ATG2A-WDR45/WIPI4-ATG9A complex-mediated lipid transfer and equilibration during autophagosome formation.

Macroautophagy/autophagy is a highly conserved cellular process, spanning from yeast to humans, and plays a vital role in maintaining cellular homeostasis. Dysregulation of autophagy has been linked to a wide range of diseases. A hallmark of autophagy is the formation of double-membrane vesicles called autophagosomes. Autophagosome biogenesis requires a large number of phospholipids, with the endoplasmic reticulum (ER) being the main lipid source. The ATG2A-WDR45/WIPI4-ATG9A complex serves as the core machinery responsible for lipid transfer and equilibration during this process. In our recent study, we resolved the cryo-electron microscopy (cryo-EM) structures of the ATG2A-WDR45/WIPI4 and ATG2A-WDR45/WIPI4-ATG9A complexes, providing critical insights into their architecture and function. Additionally, molecular dynamics simulations were employed to investigate the mechanism by which ATG2A mediates lipid extraction from donor membranes.

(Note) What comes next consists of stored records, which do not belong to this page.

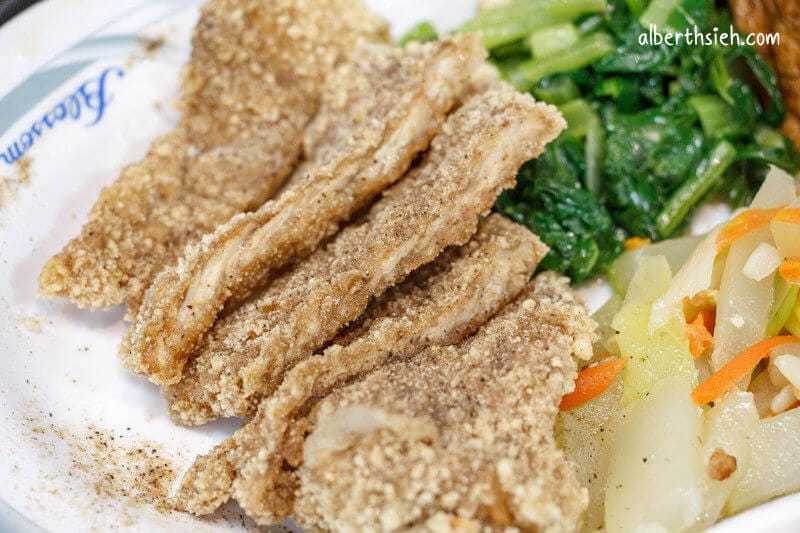 大碗公豬腳飯．桃園區美食（豬腳滷的很透膠質很多）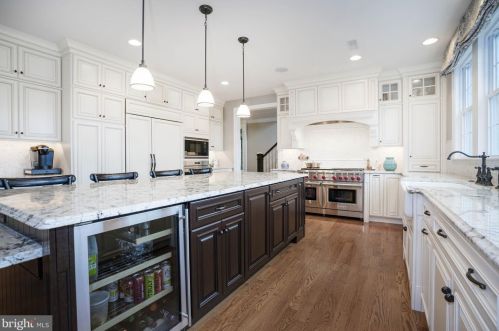 10 Pine Valley Ct, Glen Mills PA  19342-1823 exterior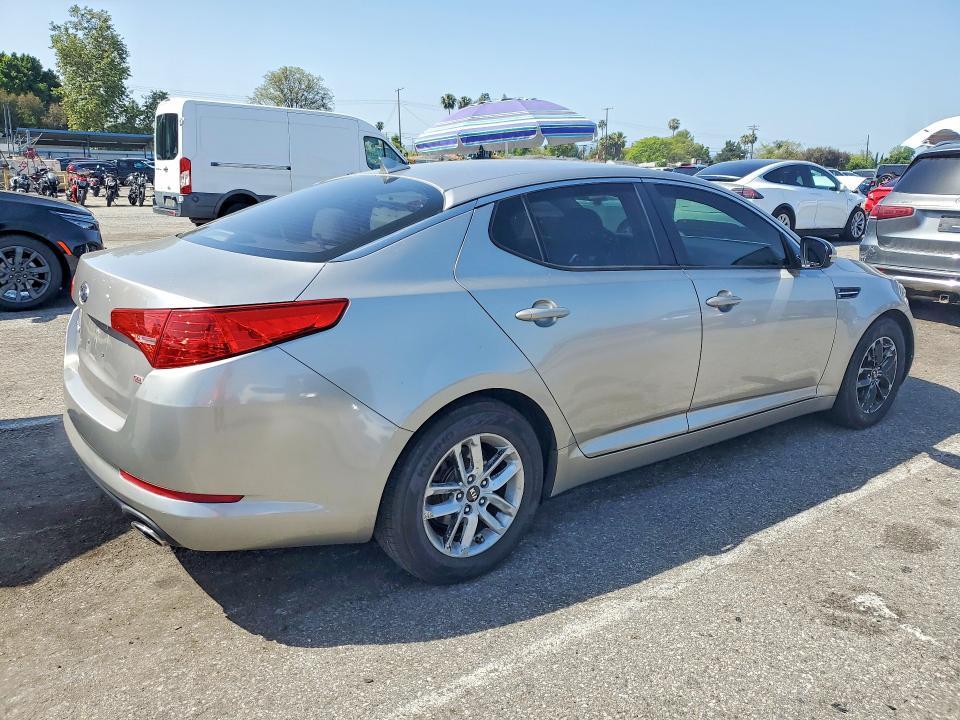 2011 KIA Optima lx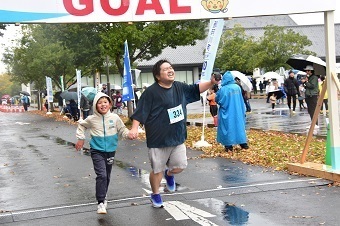 親子ペアでは仲良くゴールの写真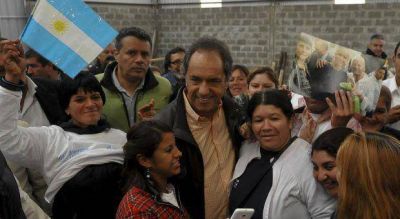 Scioli llev� la campa�a a la primera secci�n y prometi� continuar con la �agenda del desarrollo�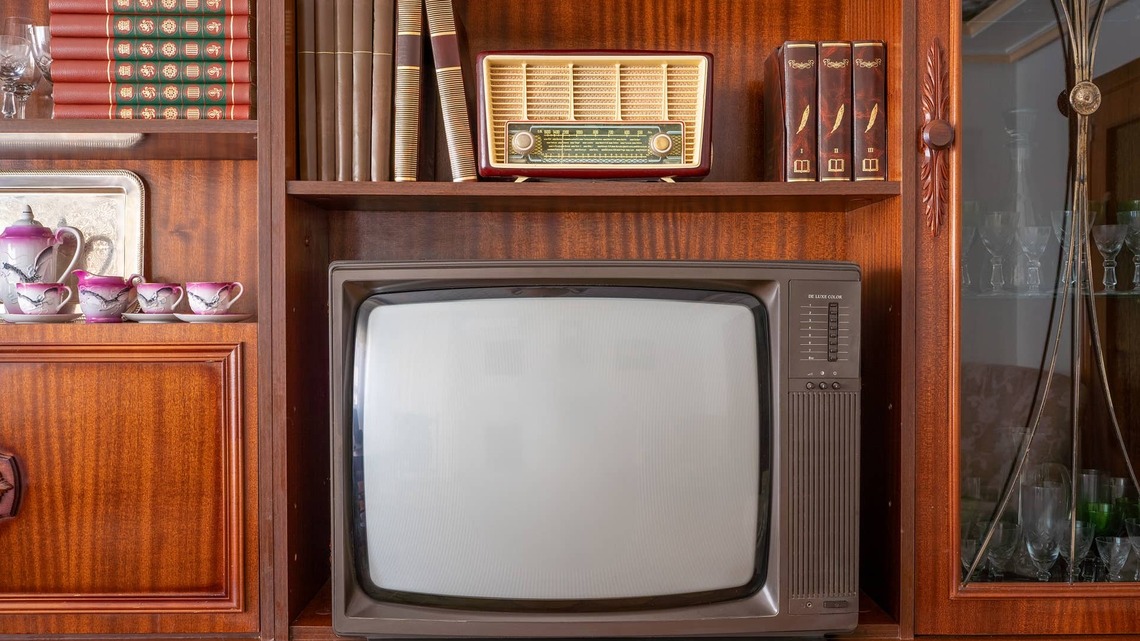 Furniture Flipper Upgrades 'Junk' Vintage TV Set With a Flat-Screen TV, and It's Amazing 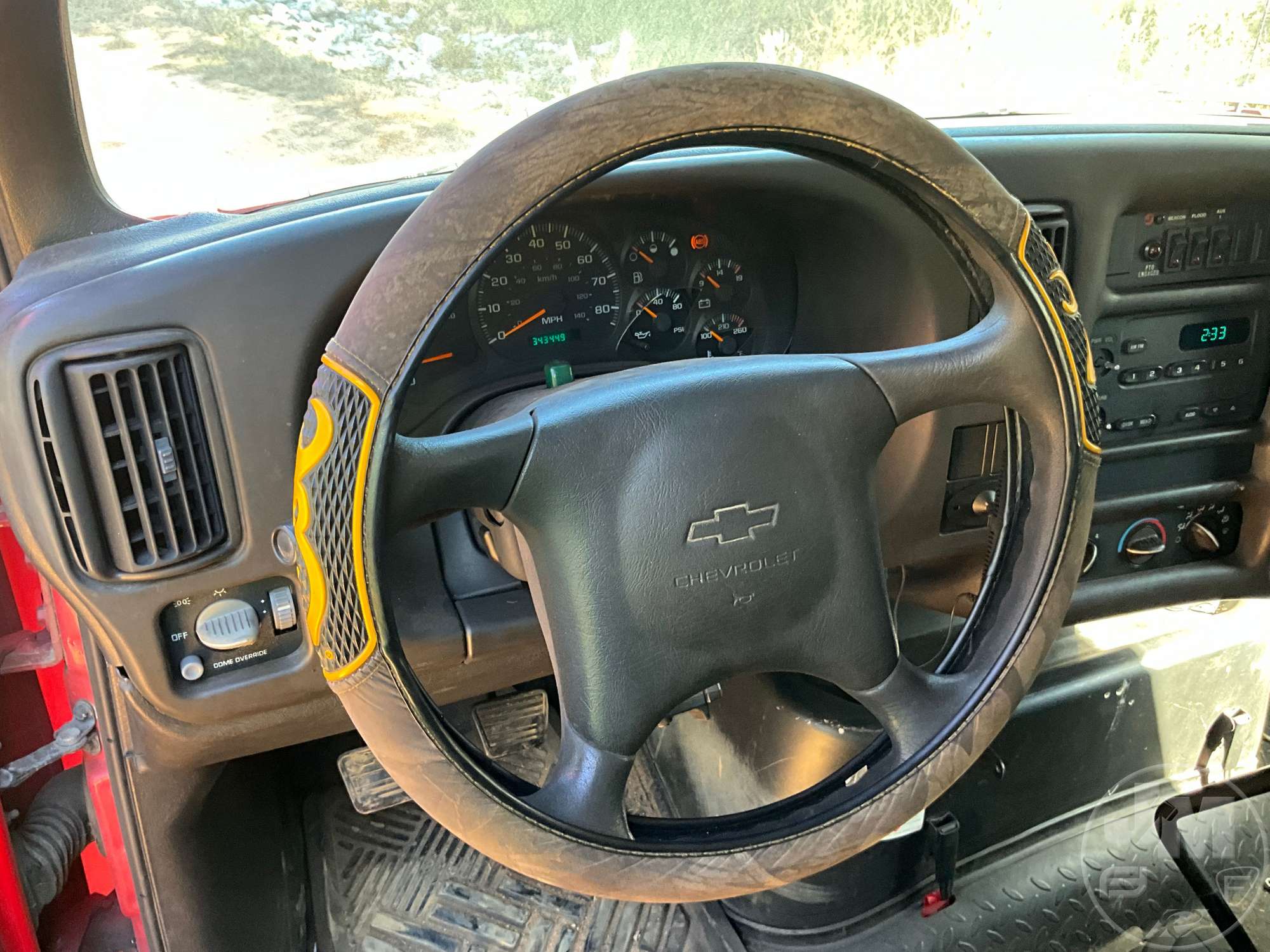 2004 Chevrolet C6500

Our findings offer structural and mechanistic insights into the spatially coupled processes of lipid transfer and re-equilibration, which are essential for phagophore membrane expansion. ATG: autophagy related; ATG2A: autophagy related 2A; ATG2A[NR]: ATG2A N-terminal region; ATG9A: autophagy related 9A; cryo-EM: cryo-electron microscopy; cryo-ET: cryo-electron tomography; ER: endoplasmic reticulum; PtdIns3P: phosphatidylinositol-3-phosphate; Atg2[NR]: Atg2 N-terminal region; SUVs: small unilamellar vesicles; TGN: trans-Golgi network; TMEM41B: transmembrane protein 41B; VMP1: vacuole membrane protein 1; WDR45/WIPI4: WD repeat domain 45.